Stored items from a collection
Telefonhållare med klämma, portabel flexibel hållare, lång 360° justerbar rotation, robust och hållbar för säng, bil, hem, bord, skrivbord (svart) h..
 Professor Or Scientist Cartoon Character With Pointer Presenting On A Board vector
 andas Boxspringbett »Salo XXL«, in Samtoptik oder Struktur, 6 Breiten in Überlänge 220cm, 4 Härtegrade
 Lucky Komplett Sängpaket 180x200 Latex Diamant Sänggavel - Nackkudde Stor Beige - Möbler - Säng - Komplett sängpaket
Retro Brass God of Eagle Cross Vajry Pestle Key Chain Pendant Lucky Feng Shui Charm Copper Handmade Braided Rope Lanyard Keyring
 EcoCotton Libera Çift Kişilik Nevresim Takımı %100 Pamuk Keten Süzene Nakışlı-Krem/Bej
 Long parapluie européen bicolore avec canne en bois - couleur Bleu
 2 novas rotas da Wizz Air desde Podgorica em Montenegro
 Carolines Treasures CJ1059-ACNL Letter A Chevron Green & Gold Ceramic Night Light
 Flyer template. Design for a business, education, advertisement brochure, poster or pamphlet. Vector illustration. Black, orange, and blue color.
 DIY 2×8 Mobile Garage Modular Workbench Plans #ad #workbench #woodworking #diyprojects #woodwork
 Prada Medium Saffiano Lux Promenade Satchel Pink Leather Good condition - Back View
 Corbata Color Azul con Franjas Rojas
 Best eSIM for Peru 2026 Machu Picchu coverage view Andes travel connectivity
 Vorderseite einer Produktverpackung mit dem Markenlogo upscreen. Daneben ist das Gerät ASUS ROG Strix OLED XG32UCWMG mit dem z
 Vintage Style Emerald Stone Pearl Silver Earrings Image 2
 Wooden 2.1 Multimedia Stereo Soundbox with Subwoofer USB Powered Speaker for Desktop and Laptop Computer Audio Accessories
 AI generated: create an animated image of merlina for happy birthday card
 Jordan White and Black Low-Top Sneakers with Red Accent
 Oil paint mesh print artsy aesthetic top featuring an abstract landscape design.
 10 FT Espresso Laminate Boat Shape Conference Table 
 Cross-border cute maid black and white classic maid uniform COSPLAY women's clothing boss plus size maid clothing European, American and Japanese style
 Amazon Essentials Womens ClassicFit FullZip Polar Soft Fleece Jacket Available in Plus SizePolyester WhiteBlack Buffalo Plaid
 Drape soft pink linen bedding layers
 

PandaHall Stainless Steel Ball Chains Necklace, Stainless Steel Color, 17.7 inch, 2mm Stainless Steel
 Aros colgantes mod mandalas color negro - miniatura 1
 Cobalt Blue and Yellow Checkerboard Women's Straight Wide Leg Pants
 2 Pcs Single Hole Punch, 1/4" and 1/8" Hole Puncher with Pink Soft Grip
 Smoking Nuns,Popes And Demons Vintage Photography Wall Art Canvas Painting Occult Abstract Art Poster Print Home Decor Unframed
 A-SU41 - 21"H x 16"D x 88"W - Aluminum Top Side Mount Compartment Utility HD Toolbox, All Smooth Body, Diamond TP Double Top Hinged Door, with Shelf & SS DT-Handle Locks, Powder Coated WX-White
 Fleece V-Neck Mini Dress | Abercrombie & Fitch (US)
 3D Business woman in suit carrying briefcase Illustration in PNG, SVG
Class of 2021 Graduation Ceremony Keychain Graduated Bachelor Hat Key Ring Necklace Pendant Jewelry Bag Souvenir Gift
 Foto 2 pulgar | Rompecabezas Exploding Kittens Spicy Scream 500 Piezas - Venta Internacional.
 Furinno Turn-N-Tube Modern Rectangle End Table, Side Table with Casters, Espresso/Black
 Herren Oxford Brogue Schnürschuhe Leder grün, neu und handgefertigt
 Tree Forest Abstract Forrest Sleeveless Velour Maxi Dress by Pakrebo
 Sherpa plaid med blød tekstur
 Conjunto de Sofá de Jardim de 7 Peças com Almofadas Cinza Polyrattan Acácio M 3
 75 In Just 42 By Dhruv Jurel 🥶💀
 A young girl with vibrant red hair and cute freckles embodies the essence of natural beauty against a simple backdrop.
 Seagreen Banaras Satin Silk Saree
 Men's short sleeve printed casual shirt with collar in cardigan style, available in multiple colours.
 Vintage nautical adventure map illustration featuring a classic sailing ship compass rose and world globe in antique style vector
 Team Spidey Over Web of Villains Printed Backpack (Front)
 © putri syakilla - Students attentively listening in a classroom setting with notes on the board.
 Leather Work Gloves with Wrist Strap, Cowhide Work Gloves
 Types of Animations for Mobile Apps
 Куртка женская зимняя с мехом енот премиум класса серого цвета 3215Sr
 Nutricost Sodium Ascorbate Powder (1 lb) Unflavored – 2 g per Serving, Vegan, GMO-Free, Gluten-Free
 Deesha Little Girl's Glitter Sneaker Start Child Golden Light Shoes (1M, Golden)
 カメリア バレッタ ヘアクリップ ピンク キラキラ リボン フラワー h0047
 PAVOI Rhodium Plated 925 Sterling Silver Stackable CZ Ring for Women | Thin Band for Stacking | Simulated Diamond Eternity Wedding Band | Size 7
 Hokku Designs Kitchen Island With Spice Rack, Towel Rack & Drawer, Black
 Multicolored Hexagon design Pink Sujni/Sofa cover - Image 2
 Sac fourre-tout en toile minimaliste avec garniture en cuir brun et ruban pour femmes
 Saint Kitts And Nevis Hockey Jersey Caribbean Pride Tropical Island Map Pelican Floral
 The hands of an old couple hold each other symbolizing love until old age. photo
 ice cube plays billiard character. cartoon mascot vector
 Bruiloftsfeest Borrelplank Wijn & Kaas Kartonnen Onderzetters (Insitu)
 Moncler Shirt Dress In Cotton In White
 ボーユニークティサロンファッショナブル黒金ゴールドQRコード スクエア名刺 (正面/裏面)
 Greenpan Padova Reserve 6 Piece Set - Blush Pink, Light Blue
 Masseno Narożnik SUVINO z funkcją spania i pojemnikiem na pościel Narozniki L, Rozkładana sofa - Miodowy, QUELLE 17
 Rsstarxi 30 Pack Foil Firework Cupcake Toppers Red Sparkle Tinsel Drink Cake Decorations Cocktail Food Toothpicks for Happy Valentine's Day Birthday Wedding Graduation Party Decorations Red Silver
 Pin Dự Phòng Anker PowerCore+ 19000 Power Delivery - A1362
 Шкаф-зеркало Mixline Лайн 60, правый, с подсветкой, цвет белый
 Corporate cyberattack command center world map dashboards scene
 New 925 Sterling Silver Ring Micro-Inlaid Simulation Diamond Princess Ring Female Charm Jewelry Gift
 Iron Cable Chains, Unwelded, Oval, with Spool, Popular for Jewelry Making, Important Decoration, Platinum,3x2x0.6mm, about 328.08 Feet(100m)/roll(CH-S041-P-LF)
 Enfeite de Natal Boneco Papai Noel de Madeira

# ASSIGNED TASK
Only the lines above from the one with "Retro Brass God" through the one with "10 FT Espresso" should be duplicated, character for character.

# FINAL ANSWER
Retro Brass God of Eagle Cross Vajry Pestle Key Chain Pendant Lucky Feng Shui Charm Copper Handmade Braided Rope Lanyard Keyring
 EcoCotton Libera Çift Kişilik Nevresim Takımı %100 Pamuk Keten Süzene Nakışlı-Krem/Bej
 Long parapluie européen bicolore avec canne en bois - couleur Bleu
 2 novas rotas da Wizz Air desde Podgorica em Montenegro
 Carolines Treasures CJ1059-ACNL Letter A Chevron Green & Gold Ceramic Night Light
 Flyer template. Design for a business, education, advertisement brochure, poster or pamphlet. Vector illustration. Black, orange, and blue color.
 DIY 2×8 Mobile Garage Modular Workbench Plans #ad #workbench #woodworking #diyprojects #woodwork
 Prada Medium Saffiano Lux Promenade Satchel Pink Leather Good condition - Back View
 Corbata Color Azul con Franjas Rojas
 Best eSIM for Peru 2026 Machu Picchu coverage view Andes travel connectivity
 Vorderseite einer Produktverpackung mit dem Markenlogo upscreen. Daneben ist das Gerät ASUS ROG Strix OLED XG32UCWMG mit dem z
 Vintage Style Emerald Stone Pearl Silver Earrings Image 2
 Wooden 2.1 Multimedia Stereo Soundbox with Subwoofer USB Powered Speaker for Desktop and Laptop Computer Audio Accessories
 AI generated: create an animated image of merlina for happy birthday card
 Jordan White and Black Low-Top Sneakers with Red Accent
 Oil paint mesh print artsy aesthetic top featuring an abstract landscape design.
 10 FT Espresso Laminate Boat Shape Conference Table 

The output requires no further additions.